RisingWave in Production
Following a thorough evaluation, RisingWave was deployed in production to replace the existing pipelines. With RisingWave in place, engineers no longer need to navigate between different systems to maintain data pipelines. Debugging streaming queries has become remarkably straightforward, thanks to the accessibility of all the materialized views created inside.
One initial concern was whether all of Flink's Java-based jobs could be rewritten using SQL. Fortunately, this proved to be a non-issue, as RisingWave offers UDF support. This means that users can write custom UDFs in Python and Java, seamlessly integrating them into the data processing workflow. This feature simplifies the process by connecting the written UDF methods with RisingWave using a straightforward SQL statement.

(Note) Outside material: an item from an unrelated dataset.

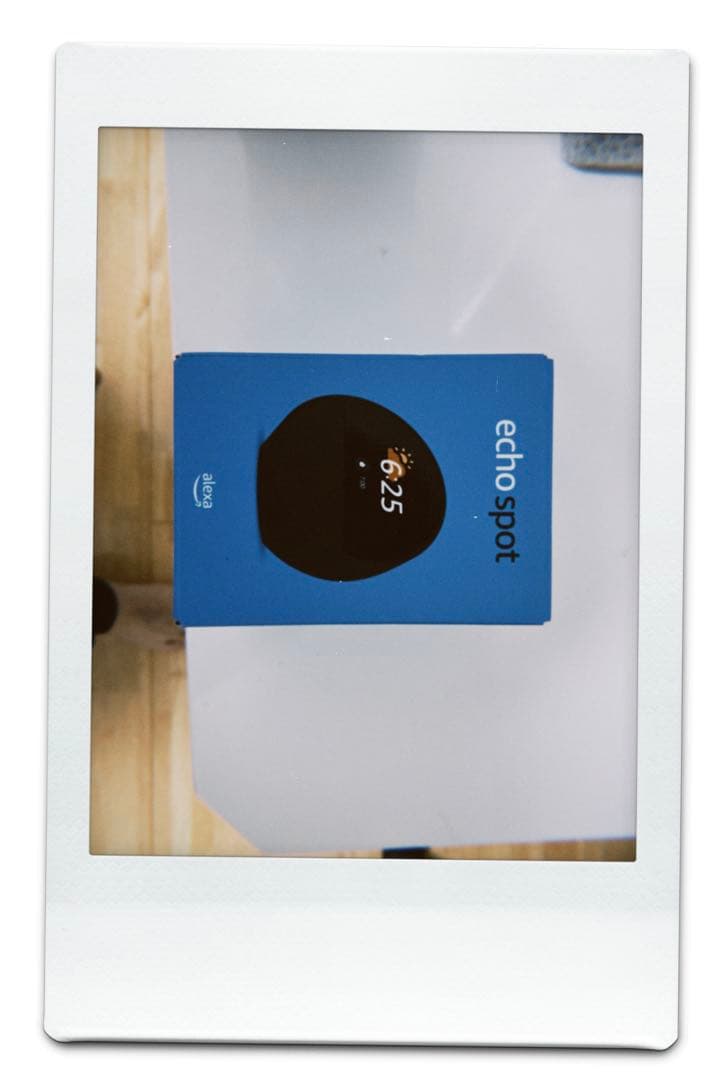 新品未開封Echo Spotスマートアラームクロック ブラック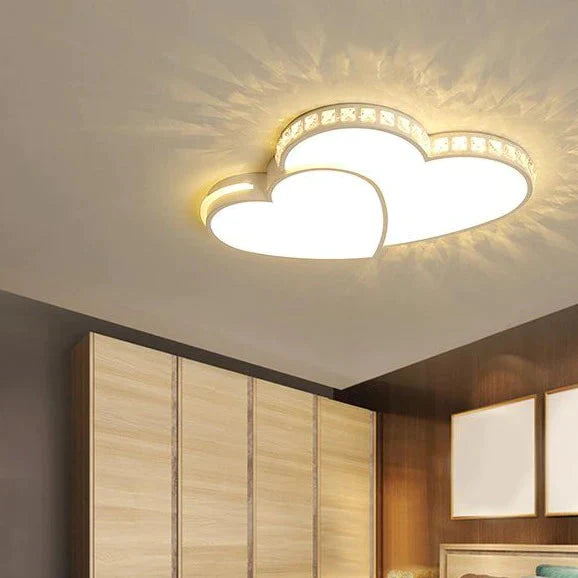 Nordic Bedroom Living Room Lamp Led Ceiling Lamp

The infrastructure team has exciting plans to expand their utilization of RisingWave to construct more stream processing pipelines, subsequently eliminating unnecessary components, such as the data serving layer, from the existing data stack.

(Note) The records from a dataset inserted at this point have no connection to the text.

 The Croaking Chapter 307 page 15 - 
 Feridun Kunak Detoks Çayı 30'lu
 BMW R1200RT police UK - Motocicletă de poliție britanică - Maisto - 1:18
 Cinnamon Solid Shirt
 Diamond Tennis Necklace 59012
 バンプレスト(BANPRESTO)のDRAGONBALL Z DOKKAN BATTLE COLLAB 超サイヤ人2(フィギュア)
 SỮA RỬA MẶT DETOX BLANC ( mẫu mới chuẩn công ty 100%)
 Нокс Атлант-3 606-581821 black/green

The data stack prior to the introduction of RisingWave appeared as follows:
The data stack following the implementation of RisingWave appears as follows:
For leaders in the financial services sector, real-time stream processing delivers significant business value. Gaining access to real-time insights empowers the company to combat fraud and enhance customer service.
By incorporating RisingWave as a critical component in their feature store, Company A has streamlined their data stack and bolstered their confidence in building data pipelines. This success story exemplifies how businesses can benefit from modern stream processing technology.